The solution would be to change thread_read_id to be a BIGINT. This will probably only ever affect 0.1% of forums, but considering some forums maybe have been running XF for over a decade now and could well be on a MySQL cluster after all that time, there may be some boards unknowingly creeping close to this issue. Updating the column type should stop this ever being an issue.
why don't you try to keep your mariadb version up to date?
 
That wasn't your original concern:
From my perspective, it’s the same concern. The steps our team needs to take are the same regardless of whether we’re anticipating a reversion or a new table. The test employed is going to be the same either way. My apologies if that wasn’t clear.

I think there’s a bit of a disconnect between how some forums operate and how the XenForo team expects them to operate, and that causes a great deal of frustration on both sides. I’m not pulling these hypothetical scenarios out of thin air; they’re coming from a decade of experience trying to compensate for unexpected behavior during XenForo upgrades. I don’t usually complain about these caveats—you see a small fraction of the issues we encounter—but I do try to point them out to other large forums who are likely to encounter similar problems. I’d be happy to discuss these issues with you in more detail if you’d like, but I don’t think they’re applicable to the majority of your customers, and our team understands that.
 
why don't you try to keep your mariadb version up to date?
Updating to the same patch level is fine, but a major version updates (ie 10.x => 10.y) generally has all sort of optimizer bugs because they have new defaults which don't make sense (for XenForo).

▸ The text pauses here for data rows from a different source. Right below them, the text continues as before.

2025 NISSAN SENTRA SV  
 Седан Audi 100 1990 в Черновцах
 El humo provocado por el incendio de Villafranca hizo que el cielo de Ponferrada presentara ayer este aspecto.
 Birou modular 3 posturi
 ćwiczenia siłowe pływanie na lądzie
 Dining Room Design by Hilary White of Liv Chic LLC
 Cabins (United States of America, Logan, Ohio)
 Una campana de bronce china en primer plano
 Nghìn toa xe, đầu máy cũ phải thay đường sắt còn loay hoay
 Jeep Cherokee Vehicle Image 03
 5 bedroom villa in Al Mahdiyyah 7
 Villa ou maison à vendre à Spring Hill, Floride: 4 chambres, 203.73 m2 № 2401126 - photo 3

Neither would have migrated this issue of the INT column running out of space.
 
It isn't. It's unreasonable. It's a change to a column type. Nowhere near the same thing. It is supported. I'm telling you, that's the workaround and if a change is going to be made, that's the change we will make (via the schema manager, so if the change has already been done, no changes will be made).

Can't the Xenforo upgrade routine add an optional check/flag for all these outlined impacting auto increment id fields to see if they are indeed running close to the current column type limits and run/act and make changes (if needed) accordingly?
 
Certainly one option I’ve been considering.
It's an awesome idea, but unfortunately it would probably cause problems with third-party add-ons that introduce their own tables with columns such as ip_id. Migrating to BIGINT unconditionally, rather than waiting until AUTO_INCREMENT approaches the limit, would have a similar issue.
 
It's an awesome idea, but unfortunately it would probably cause problems with third-party add-ons that introduce their own tables with columns such as ip_id. Migrating to BIGINT unconditionally, rather than waiting until AUTO_INCREMENT approaches the limit, would have a similar issue.
Maybe like admin file healthcheck, a database health check can be added to check for auto increment issue and any other potential database issues that may come up in future and have set as a cron run to have issues logged to server error log or to a new database error log?